Что же это был человек? Кто он, какого рода и как очутился в близком окружении сначала Августа II, а потом и Петра I?

Имя этого человека – Йоханн Рейнхольд (фон) Паткуль, звание его – лифляндский дворянин и барон, ведущий свою родословную от рыцарей-тевтонцев, которые в 13 веке пришли в Прибалтику и огнём и мечом покорили эту землю, причинив массу бед и страданий как коренному населению, так и их славянским соседям. Исследователи его биографии считают, что предки барона прибыли из Вестфалии, как и большинство немецких рыцарей, и носили фамилию Патдорф. С течением времени их немецкая фамилия изменилась и получила местное, характерное для Лифляндии, звучание с окончанием на «куль»6. Как известно, в большинстве случаев баронские фамилии совпадают с названием своего родового имения. Род Паткулей разрастался, пускал корни, в том числе и на территории самой Швеции.

Прежде чем обратиться к личности Паткуля, необходимо дать краткую историческую справку о Лифляндии, без которой будет трудно понять последующие события.

Первоначально Лифляндия охватывала всю Прибалтику, включая Эстонию и Курляндию. История Лифляндии (Ливонии) – это сплошная история войн, а её территория – поле жестоких кровавых битв. Уже сразу после утверждения рыцарей в стране начались внутренние распри: сначала между гроссмейстерами ордена и епископами, потом между коренными «немцами» и вновь прибывающим из Германии дворянством. Одновременно шли нескончаемые войны с Литвой, Польшей и Россией. К моменту Реформации церкви рыцарский орден настолько ослаб и одряхлел, что стал разваливаться на части. Последний гроссмейстер ордена Готтхард Келлер в 1559 году уступил Польше все земли южнее Двины, а сам получил Курляндское герцогство, находившееся также под польским протекторатом. Остальная часть Лифляндии присоединилась к Литве.

Сразу после этого в Прибалтику пришли шведы и завоевали Ревель вместе с несколькими другими мелкими городами. Польша не захотела с этим мириться, и в Лифляндии началась первая шведско-польская война. Потом в события вмешался Иван Грозный, захотевший отвоевать в Прибалтике исконные русские земли, и на следующие 150 лет Лифляндия стала яблоком раздора «треугольных» устремлений соседних государств: Польши, России и Швеции.

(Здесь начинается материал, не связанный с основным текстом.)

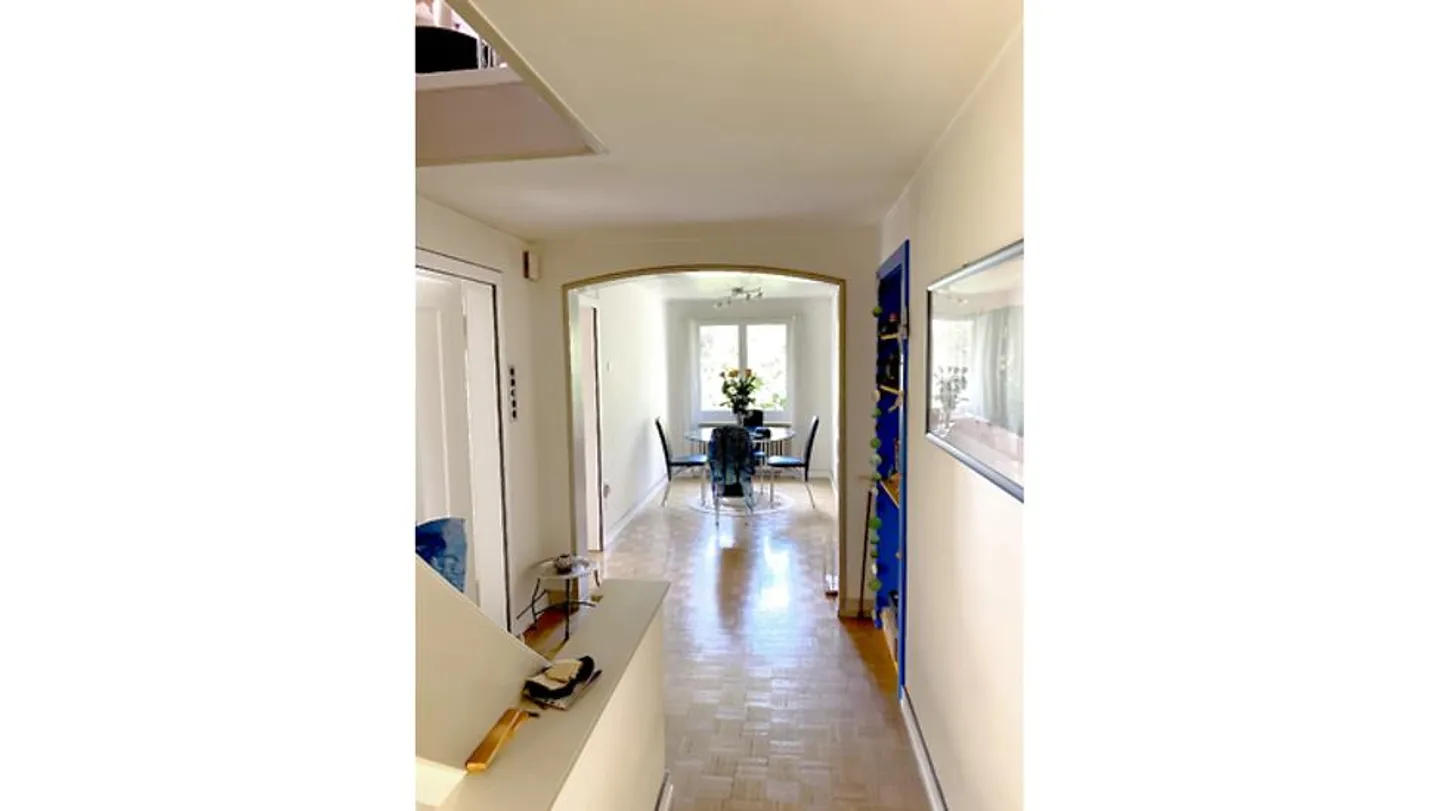MAISON DE 5 CHAMBRES À WINTERTHUR - TÖSS, MEUBLÉE, TEMPORAIRE - Photo 3 sur 6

Этот треугольная конфигурация на полтора века станет доминирующей характеристикой региона.

В 1621 году Густав II Адольф, вмешавшийся в религиозные войны Европы и сделавший из захолустной Швеции великую европейскую державу, взял приступом Ригу, а через несколько лет вся Лифляндия в качестве заморской провинции была присоединена к шведской короне. Юридически это приобретение было позже оформлено Оливским миром 1660 года, по которому Польша, сохранив в качестве вассала Курляндию, уступила Стокгольму все земли севернее Двины. Заметим, что в это же время царь Алексей Михайлович Тишайший тоже «воевал Ливонию», осаждал Ригу, но так неудачно, что два другие государства треугольника стали его противниками.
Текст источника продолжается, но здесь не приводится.